Jeff Tweedy knows the feeling. The first track on Wilco’s new record is called “Misunderstood”, and it’s unlike anything the band has ever recorded before. The introduction is an assault of cacophonous dissonance; after about 10 seconds, it fades into a simple piano ballad of vignette verses, before transforming once again several minutes later into a cathartic, screaming final chorus of Tweedy pleading that he’s “so misunderstood” before finally declaring, “I’d like to thank you all for nothin’ at all.”
Welcome to the new Wilco.
By now, the buzz has already begun building about Being There, which is due in stores on October 22. For starters, it’s a double album — an ambitious undertaking for a band at any stage of their career, much less for their second release. The material, meanwhile, is all over the map, dropping numerous veiled and obvious references to classic ’60s rock and pop acts such the Rolling Stones and the Beach Boys. Furthermore, guitarist Jay Bennett spent a significant amount of time in the studio playing piano. (The shift of instrumental emphasis likely will become more evident on tour this fall, as mandolin/fiddle/dobro/banjo player Max Johnston was dismissed from the band in early August.)
That said, Being There isn’t so much a departure from Wilco’s past as an extension of it. About half a dozen songs on the record are country/folkish acoustic numbers that would’ve seemed at home on the band’s 1995 debut A.M. or a latter-day Uncle Tupelo album. It’s clear that such songs and sounds are still important to the band, since it would’ve been easy to eliminate those tracks and pare down the new release to a single disc if they had wanted to make a complete break from their past musically.
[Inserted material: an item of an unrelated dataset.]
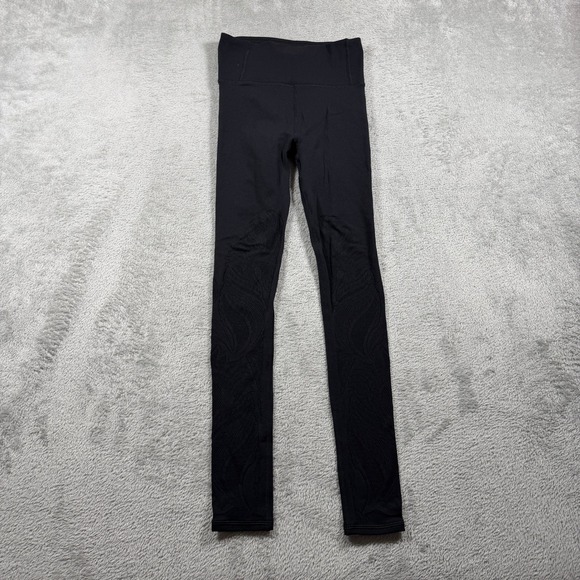 lululemon athletica Pants - Lululemon Reveal Tight Lattice Pailey High-Rise Leggings Women‎ 4 Black LW5AWNS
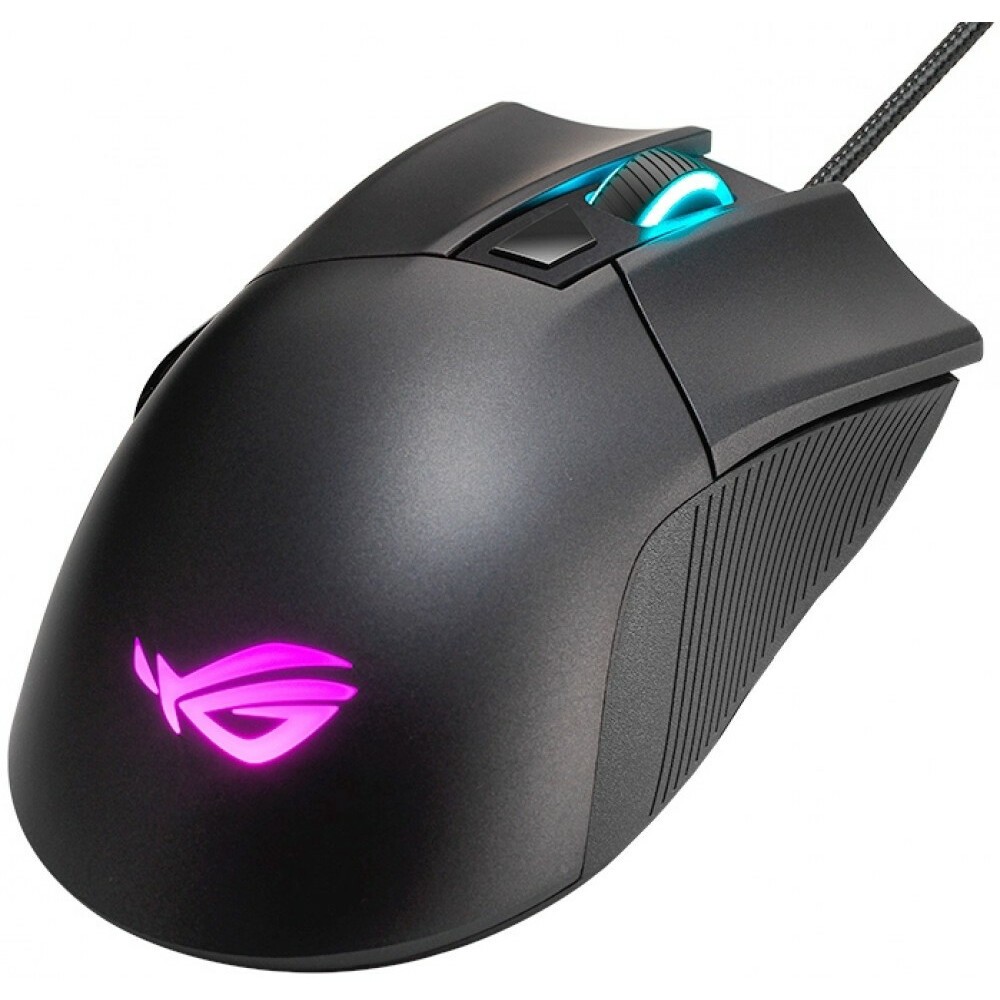 Мышь ASUS ROG Gladius II Core Black - 90MP01D0-B0UA00/90MP01D0-B0CA00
Emotionally, however, breaking from the past does seem to be much of what Being There is about for Tweedy, who turned 29 in August. Last winter, he and his wife Sue Miller, co-owner of the storied Chicago nightclub Lounge Ax, had a son, and fatherhood seems to have had a profound effect on Wilco’s frontman. “I really wanted the record to close that chapter of my life where music was the only thing in my life, forever. I wanted it to be like, ‘See ya later!’,” he says. “But at the same time, I ended up feeling more excited about it again, with just a different perspective on it, but in a really healthy way.”
“Hold on a second, I’ve gotta turn this baby monitor off,” Tweedy says on the other end of the phone line from his home in Chicago as we begin our interview. A baby monitor? “It’s like a walkie-talkie for your sleeping baby; it’s this receiver you can carry around with you, but it’s not good for cordless phones.” Which explains the static that has suddenly besieged the line.
Granted, having a kid throws a few logistical curveballs at those ever-present music-biz duties such as interviews — or, for that matter, touring, which Tweedy touches upon when discussing a recent tour with his side-project band, Golden Smog, that was extended a bit longer than expected. “It seemed like there was no real legitimate excuse to turn the shows down, other than I wanted to stay home with my son — which I felt like was pretty legitimate,” he says.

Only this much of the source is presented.